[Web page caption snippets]
Segment Open
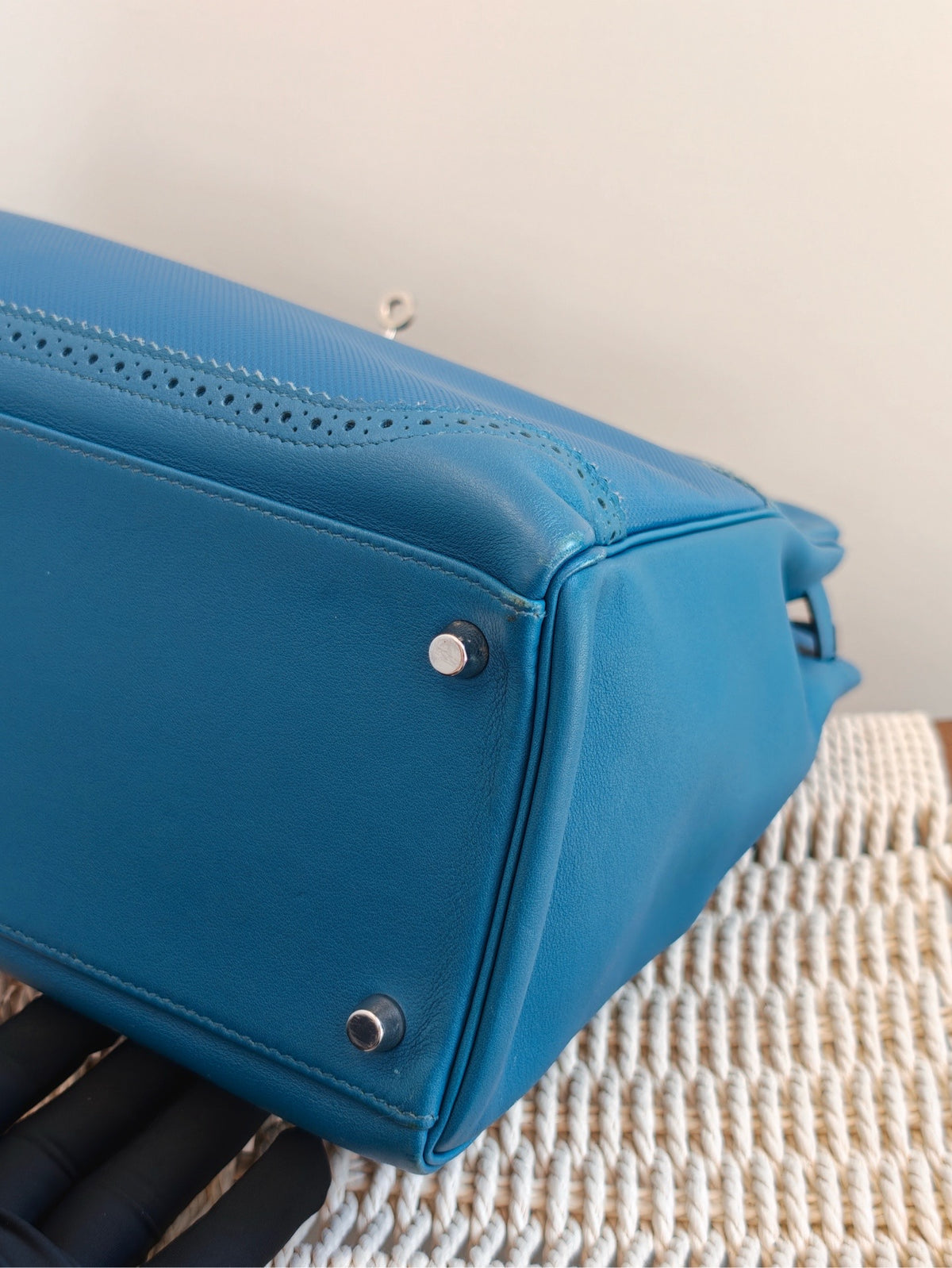 Hermes - Kelly 35 - Cloth - Blue - (medium)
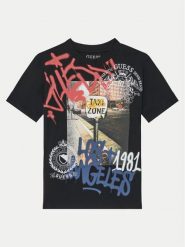 Guess T-Shirt L5RI11 K8HM4 Czarny Regular Fit. Czarne t-shirty dla chłopców Guess, z aplikacjami, z bawełny, bez ramiączek. Za 79.99 zł.
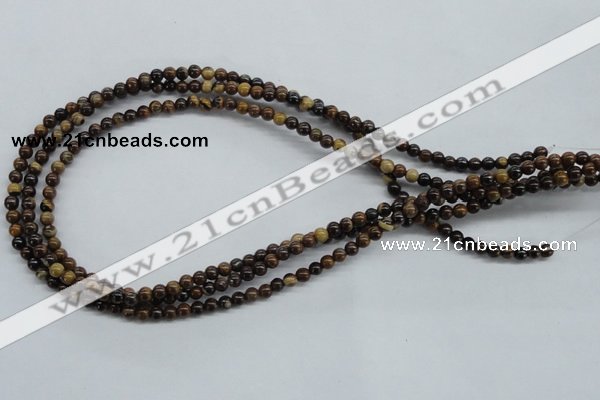 CZJ168 15.5 inches 4mm round iron zebra jasper beads wholesale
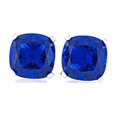 thumbnail image 2 of Paris Jewelry Cushion Cut Blue Sapphire Earrings, 4 ct, Rhodium, 2 of 5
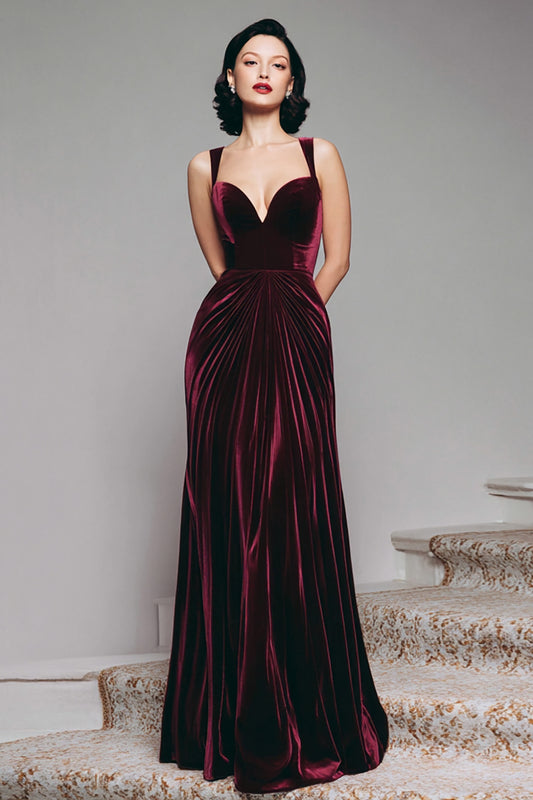 Burgundy Velvet Mermaid Thick Straps Ruched Long Holiday Party Dress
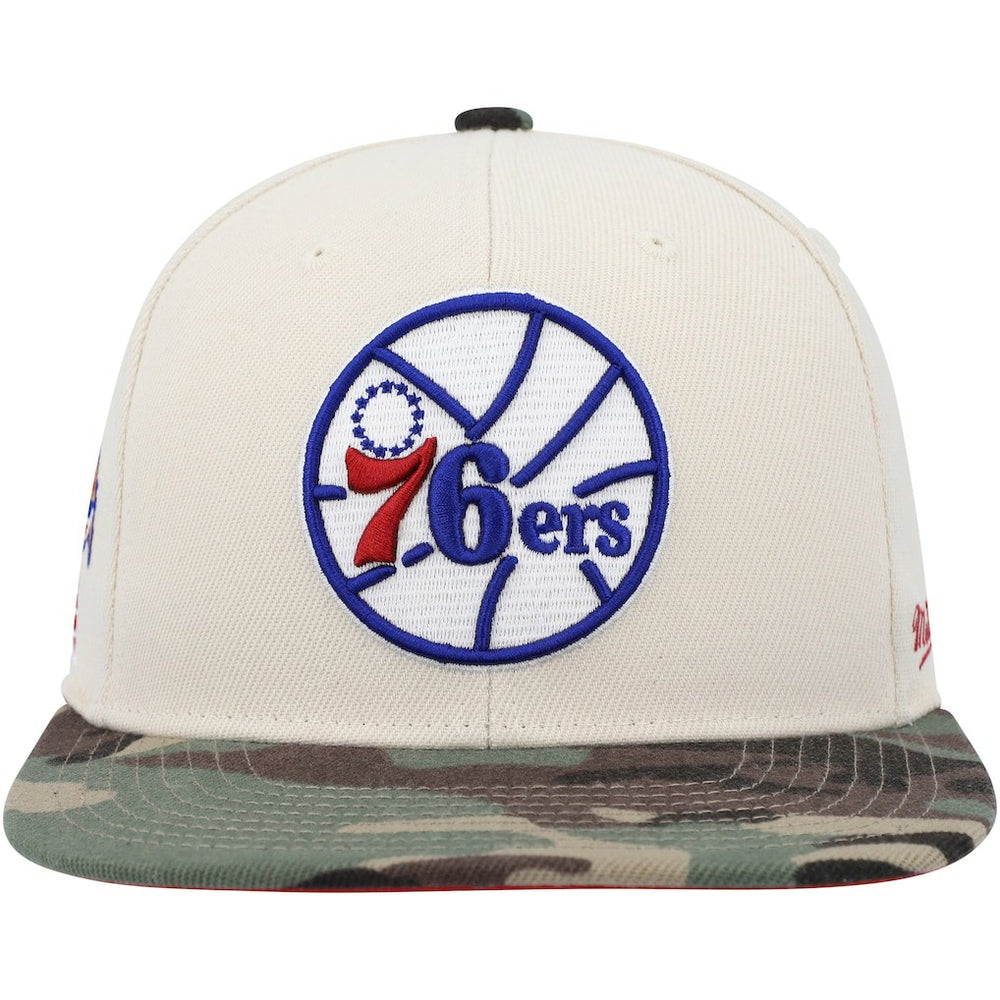 Philadelphia 76ers Hardwood Classics 1976 NBA All-Star Game Off White Camo Fitted Hat On Sale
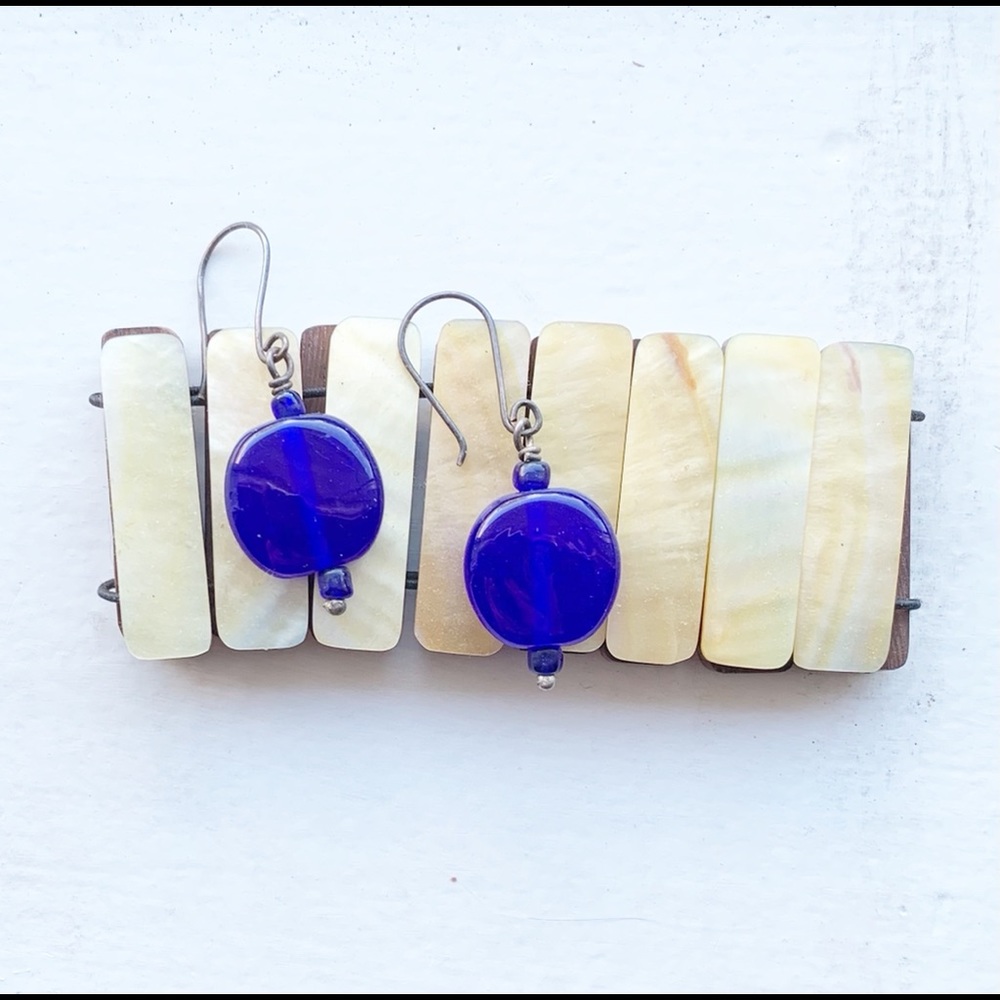 3/$20 Blue Sea Glass Pierced Earrings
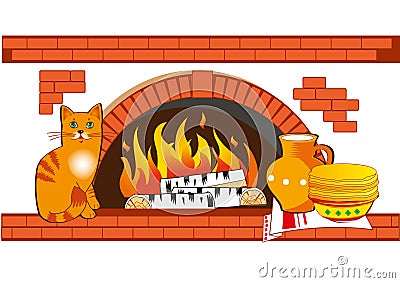 The Interior Of The House A Vector. Rustic Stove Hoods. Vector Illustration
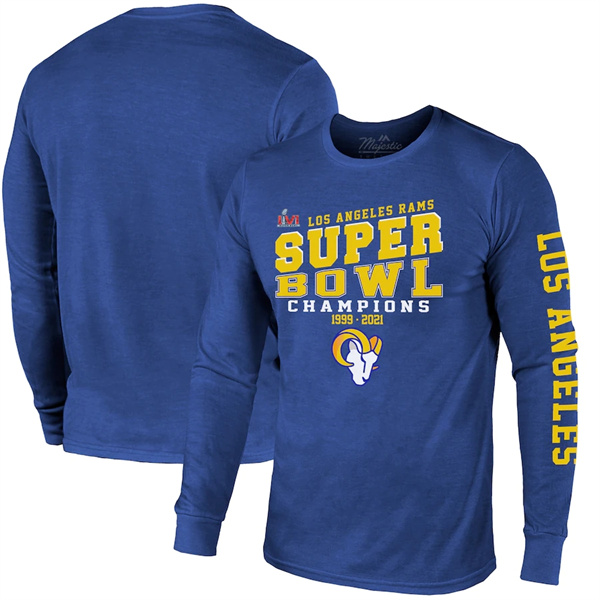 Men's Royal Los Angeles Rams 2022 Super Bowl LVI Champions Long Sleeve T-Shirt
Segment Closed
Task description: After locating the line containing "CZJ168 15.5 inches" in the entries above, return it and every line after it exactly, ending at the line containing "The Interior Of", without pictures.

Answer space:
 CZJ168 15.5 inches 4mm round iron zebra jasper beads wholesale
 thumbnail image 2 of Paris Jewelry Cushion Cut Blue Sapphire Earrings, 4 ct, Rhodium, 2 of 5
 Burgundy Velvet Mermaid Thick Straps Ruched Long Holiday Party Dress
 Philadelphia 76ers Hardwood Classics 1976 NBA All-Star Game Off White Camo Fitted Hat On Sale
 3/$20 Blue Sea Glass Pierced Earrings
 The Interior Of The House A Vector. Rustic Stove Hoods. Vector Illustration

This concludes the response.